Work to be completed :: Starting with the line that holds "Vintage French-Style Metal Garden Caddy", reproduce each line through the last one of the data, exactly as written. Pictures are not copied.

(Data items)
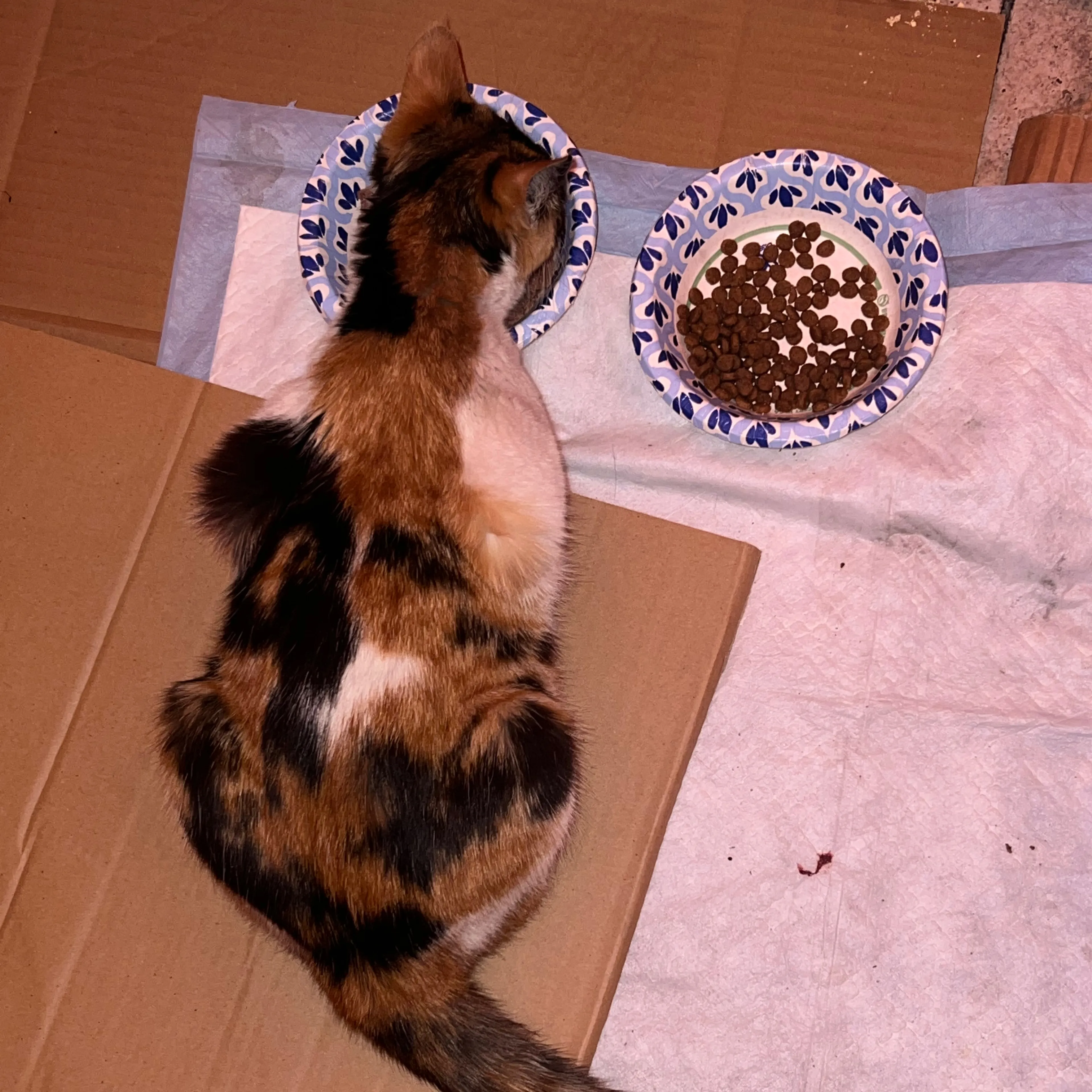 Found pet-3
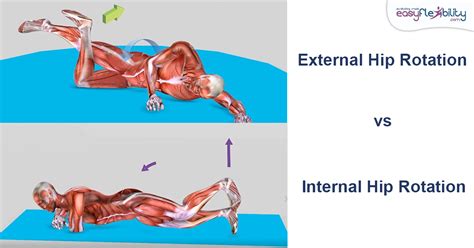 The 3 Most Effective Exercises for Developing Hip Internal and External ...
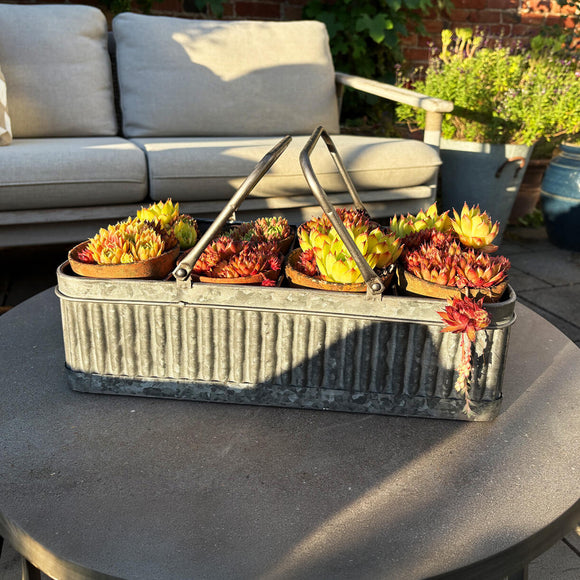 Vintage French-Style Metal Garden Caddy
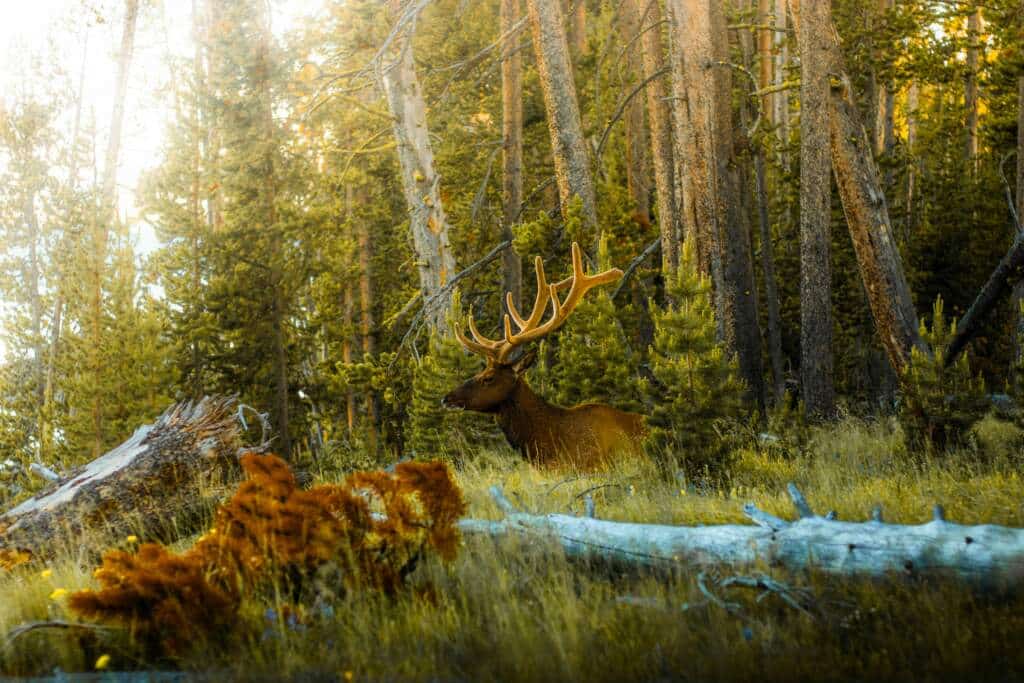 Rutas por Yellowstone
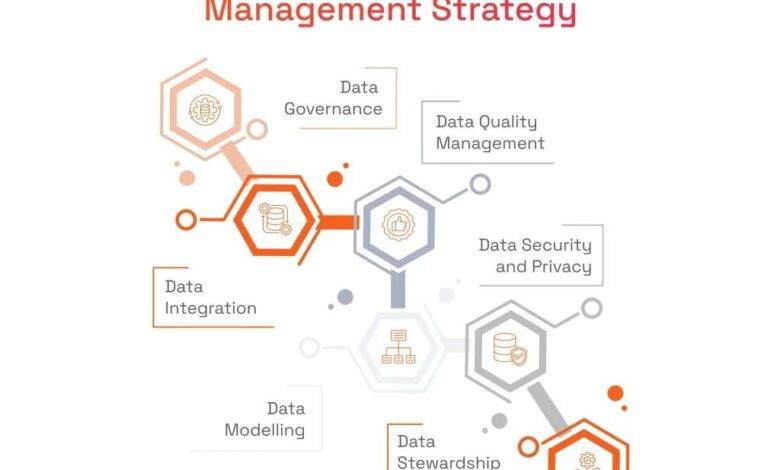 mastering-data-management-strategies-organize-store-protect
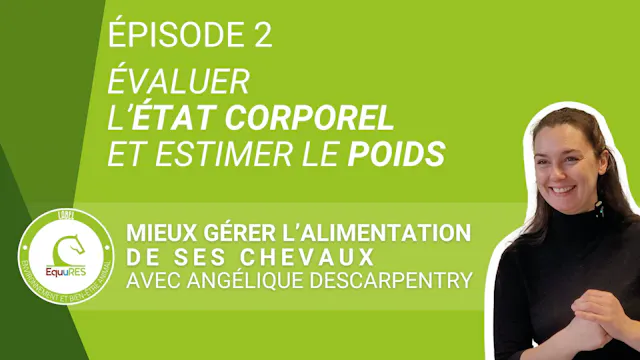 Mieux gérer l’alimentation de ses chevaux : Évaluer l’état corporel et estimer le poids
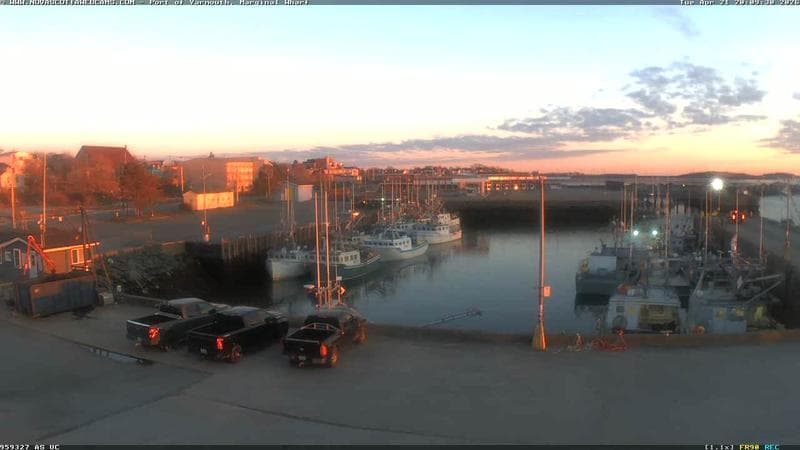 Marginal Wharf South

Output for this task ::
 Vintage French-Style Metal Garden Caddy
 Rutas por Yellowstone
 mastering-data-management-strategies-organize-store-protect
 Mieux gérer l’alimentation de ses chevaux : Évaluer l’état corporel et estimer le poids
 Marginal Wharf South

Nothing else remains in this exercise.